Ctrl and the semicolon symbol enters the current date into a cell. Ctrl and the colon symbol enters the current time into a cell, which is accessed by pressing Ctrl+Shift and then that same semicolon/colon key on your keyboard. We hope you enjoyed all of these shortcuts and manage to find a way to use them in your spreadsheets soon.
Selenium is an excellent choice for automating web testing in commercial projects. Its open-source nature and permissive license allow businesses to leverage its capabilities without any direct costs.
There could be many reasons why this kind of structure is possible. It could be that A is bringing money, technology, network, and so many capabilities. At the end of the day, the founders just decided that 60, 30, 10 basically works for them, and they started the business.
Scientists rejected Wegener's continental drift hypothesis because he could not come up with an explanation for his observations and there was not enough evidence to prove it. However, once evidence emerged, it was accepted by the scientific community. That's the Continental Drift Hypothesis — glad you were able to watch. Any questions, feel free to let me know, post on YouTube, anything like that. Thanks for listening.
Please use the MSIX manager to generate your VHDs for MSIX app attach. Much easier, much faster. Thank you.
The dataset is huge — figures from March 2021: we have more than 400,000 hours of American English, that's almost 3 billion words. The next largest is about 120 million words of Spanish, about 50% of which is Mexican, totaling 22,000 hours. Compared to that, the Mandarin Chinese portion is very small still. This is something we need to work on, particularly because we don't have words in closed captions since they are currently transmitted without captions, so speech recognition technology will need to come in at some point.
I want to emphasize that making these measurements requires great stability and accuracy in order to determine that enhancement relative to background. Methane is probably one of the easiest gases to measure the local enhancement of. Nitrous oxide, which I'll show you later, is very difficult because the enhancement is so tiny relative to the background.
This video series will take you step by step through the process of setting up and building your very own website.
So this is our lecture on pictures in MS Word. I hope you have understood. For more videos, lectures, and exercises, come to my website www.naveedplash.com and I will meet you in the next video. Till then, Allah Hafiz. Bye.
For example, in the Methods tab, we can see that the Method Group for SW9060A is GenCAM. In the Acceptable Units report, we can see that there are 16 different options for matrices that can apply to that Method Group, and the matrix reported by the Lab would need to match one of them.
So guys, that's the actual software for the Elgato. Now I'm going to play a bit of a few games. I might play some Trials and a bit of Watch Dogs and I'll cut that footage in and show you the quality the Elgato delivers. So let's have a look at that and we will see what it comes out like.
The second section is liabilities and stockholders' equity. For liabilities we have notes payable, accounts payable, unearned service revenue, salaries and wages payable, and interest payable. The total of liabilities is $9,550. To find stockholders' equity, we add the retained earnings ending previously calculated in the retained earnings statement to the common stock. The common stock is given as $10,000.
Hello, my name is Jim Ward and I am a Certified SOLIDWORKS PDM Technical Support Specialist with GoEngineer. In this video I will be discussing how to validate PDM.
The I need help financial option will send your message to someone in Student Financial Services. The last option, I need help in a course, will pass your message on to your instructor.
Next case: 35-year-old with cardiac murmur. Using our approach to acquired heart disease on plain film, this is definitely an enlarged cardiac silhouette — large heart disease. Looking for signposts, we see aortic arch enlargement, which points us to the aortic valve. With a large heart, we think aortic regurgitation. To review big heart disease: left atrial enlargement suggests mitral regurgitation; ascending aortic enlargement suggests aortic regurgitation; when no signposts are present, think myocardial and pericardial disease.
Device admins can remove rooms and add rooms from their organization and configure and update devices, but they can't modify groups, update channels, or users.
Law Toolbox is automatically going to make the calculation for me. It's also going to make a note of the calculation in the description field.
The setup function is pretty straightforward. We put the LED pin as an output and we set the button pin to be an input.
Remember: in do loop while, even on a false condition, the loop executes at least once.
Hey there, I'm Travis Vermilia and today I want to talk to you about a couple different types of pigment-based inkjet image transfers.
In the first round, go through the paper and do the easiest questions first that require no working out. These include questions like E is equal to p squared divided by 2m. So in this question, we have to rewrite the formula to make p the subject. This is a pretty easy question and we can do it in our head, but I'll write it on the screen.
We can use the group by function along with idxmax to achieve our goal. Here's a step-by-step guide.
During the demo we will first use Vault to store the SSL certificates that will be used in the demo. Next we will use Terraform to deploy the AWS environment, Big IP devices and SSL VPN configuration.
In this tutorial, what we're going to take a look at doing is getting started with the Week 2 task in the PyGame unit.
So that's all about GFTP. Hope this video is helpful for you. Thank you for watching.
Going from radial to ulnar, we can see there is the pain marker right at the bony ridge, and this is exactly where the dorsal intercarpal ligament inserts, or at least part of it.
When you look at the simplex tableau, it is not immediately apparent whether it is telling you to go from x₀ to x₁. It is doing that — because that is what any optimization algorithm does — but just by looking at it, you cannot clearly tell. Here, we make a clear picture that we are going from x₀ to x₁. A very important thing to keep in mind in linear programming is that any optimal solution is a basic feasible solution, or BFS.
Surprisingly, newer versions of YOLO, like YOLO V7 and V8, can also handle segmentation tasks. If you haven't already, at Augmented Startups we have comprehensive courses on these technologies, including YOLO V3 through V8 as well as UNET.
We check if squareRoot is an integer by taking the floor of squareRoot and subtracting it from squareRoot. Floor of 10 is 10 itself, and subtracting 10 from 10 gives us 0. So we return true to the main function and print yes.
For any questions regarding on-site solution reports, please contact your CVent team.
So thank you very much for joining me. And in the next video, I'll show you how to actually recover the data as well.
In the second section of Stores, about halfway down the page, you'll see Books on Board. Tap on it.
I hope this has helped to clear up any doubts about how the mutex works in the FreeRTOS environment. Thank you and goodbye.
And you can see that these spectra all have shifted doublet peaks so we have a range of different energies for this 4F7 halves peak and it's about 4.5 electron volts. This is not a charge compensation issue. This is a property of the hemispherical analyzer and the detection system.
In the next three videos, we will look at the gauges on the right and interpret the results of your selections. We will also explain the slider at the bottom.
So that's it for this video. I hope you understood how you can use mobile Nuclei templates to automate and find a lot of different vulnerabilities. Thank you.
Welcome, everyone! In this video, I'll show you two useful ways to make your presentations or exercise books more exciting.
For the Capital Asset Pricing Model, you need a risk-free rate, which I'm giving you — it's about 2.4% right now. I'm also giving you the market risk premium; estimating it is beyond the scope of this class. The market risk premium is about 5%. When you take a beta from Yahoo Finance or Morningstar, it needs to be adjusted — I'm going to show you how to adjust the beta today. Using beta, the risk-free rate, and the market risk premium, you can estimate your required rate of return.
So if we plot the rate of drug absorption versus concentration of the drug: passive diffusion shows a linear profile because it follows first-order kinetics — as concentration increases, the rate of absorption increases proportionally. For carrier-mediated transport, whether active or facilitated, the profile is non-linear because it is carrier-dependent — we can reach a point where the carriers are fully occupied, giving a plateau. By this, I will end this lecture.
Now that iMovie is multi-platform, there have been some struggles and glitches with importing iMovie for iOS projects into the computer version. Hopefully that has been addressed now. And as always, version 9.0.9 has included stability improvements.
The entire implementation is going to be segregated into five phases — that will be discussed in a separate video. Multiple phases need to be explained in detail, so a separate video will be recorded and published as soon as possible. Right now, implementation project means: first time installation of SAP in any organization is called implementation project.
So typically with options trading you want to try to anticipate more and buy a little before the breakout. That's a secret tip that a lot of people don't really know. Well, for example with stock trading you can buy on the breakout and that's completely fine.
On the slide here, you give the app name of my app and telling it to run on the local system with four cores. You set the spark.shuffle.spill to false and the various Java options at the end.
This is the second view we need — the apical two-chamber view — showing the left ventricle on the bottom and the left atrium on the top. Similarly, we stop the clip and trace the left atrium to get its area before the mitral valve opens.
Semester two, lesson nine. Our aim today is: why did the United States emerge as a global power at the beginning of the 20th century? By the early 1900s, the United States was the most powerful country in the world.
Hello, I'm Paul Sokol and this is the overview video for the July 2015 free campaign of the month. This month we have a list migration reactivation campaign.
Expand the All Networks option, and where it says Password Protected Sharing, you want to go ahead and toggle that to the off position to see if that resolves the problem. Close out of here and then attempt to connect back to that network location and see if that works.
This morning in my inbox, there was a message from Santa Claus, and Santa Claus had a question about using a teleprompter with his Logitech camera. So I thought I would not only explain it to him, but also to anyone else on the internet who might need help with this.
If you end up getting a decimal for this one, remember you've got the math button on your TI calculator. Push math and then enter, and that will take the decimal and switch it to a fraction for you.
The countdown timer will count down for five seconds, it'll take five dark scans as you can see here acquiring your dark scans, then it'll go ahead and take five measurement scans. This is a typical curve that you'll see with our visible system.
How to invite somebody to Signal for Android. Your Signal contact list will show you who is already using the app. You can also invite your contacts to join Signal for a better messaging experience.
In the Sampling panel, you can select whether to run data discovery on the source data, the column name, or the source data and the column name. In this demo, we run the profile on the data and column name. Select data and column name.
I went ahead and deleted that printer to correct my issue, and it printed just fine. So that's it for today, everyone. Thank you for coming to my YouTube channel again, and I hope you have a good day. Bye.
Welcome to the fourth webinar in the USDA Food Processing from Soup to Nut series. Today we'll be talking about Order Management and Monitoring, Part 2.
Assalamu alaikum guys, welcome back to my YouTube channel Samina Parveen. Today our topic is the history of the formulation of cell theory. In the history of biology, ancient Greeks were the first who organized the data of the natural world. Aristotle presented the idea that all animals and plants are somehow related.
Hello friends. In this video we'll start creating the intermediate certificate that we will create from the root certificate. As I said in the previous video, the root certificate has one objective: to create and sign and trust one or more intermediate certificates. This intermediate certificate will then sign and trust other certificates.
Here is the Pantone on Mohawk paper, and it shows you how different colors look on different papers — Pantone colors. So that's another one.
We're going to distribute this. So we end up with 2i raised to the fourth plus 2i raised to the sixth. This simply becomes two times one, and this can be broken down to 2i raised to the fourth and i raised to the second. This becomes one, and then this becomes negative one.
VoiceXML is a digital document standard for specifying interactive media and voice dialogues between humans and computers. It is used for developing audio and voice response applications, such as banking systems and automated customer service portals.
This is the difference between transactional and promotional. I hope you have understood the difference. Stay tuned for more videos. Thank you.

============================================================

* **Exercise**: Reproduce word for word the lines of the records above, beginning at the first and ending with the line where "There could be" appears, and nothing past it.

* **Solution**:
Ctrl and the semicolon symbol enters the current date into a cell. Ctrl and the colon symbol enters the current time into a cell, which is accessed by pressing Ctrl+Shift and then that same semicolon/colon key on your keyboard. We hope you enjoyed all of these shortcuts and manage to find a way to use them in your spreadsheets soon.
Selenium is an excellent choice for automating web testing in commercial projects. Its open-source nature and permissive license allow businesses to leverage its capabilities without any direct costs.
There could be many reasons why this kind of structure is possible. It could be that A is bringing money, technology, network, and so many capabilities. At the end of the day, the founders just decided that 60, 30, 10 basically works for them, and they started the business.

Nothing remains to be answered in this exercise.